### The problem
Look in the data below for the line that has "Robe de soirée", then print exactly every line from there through the line that has "E1977 Earrings - Aretes", leaving pictures out.

### Entries supplied
Segment Open

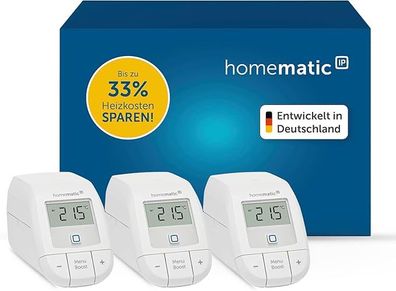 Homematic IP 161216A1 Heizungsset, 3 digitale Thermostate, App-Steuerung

Segment Closed
Segment Open

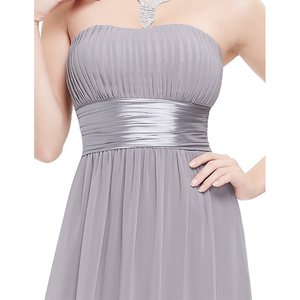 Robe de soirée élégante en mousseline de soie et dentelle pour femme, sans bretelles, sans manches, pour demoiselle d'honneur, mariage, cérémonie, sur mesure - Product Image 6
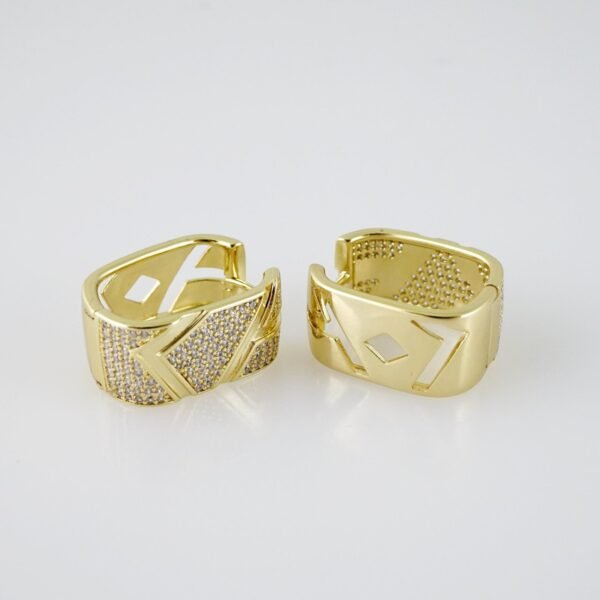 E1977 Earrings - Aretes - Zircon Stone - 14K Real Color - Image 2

Segment Closed
Segment Open

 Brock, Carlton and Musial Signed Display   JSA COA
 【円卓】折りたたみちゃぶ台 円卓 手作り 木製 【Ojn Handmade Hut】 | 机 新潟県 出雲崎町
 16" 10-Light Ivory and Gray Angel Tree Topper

Segment Closed

### Answer to this exercise
 Robe de soirée élégante en mousseline de soie et dentelle pour femme, sans bretelles, sans manches, pour demoiselle d'honneur, mariage, cérémonie, sur mesure - Product Image 6
 E1977 Earrings - Aretes - Zircon Stone - 14K Real Color - Image 2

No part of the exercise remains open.